Transcribe the stretch of entries below from the line with "Intervals: the set" through the line with "How to Delete", exactly and with both ends included; leave out all other lines.

▸ SOURCE DATA:
══════════

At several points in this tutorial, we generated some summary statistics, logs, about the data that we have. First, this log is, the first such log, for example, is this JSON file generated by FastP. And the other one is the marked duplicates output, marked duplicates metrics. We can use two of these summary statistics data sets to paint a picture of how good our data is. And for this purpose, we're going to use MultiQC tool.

══════════

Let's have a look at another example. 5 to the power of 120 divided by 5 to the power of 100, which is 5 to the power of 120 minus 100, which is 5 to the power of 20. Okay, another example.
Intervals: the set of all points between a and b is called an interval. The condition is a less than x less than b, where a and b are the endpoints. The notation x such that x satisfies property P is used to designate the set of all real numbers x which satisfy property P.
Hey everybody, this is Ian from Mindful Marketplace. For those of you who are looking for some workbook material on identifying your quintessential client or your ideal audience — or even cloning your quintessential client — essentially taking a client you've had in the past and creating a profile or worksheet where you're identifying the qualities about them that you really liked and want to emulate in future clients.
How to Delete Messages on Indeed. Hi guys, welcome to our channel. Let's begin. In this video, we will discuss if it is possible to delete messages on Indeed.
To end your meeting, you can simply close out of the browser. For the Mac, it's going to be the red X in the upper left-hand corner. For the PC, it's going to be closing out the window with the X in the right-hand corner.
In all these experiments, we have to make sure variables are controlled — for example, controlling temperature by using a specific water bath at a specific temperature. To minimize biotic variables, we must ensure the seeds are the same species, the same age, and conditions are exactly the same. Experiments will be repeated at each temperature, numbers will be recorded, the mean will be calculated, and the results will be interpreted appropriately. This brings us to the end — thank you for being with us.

══════════

▸ WORKED SOLUTION:
Intervals: the set of all points between a and b is called an interval. The condition is a less than x less than b, where a and b are the endpoints. The notation x such that x satisfies property P is used to designate the set of all real numbers x which satisfy property P.
Hey everybody, this is Ian from Mindful Marketplace. For those of you who are looking for some workbook material on identifying your quintessential client or your ideal audience — or even cloning your quintessential client — essentially taking a client you've had in the past and creating a profile or worksheet where you're identifying the qualities about them that you really liked and want to emulate in future clients.
How to Delete Messages on Indeed. Hi guys, welcome to our channel. Let's begin. In this video, we will discuss if it is possible to delete messages on Indeed.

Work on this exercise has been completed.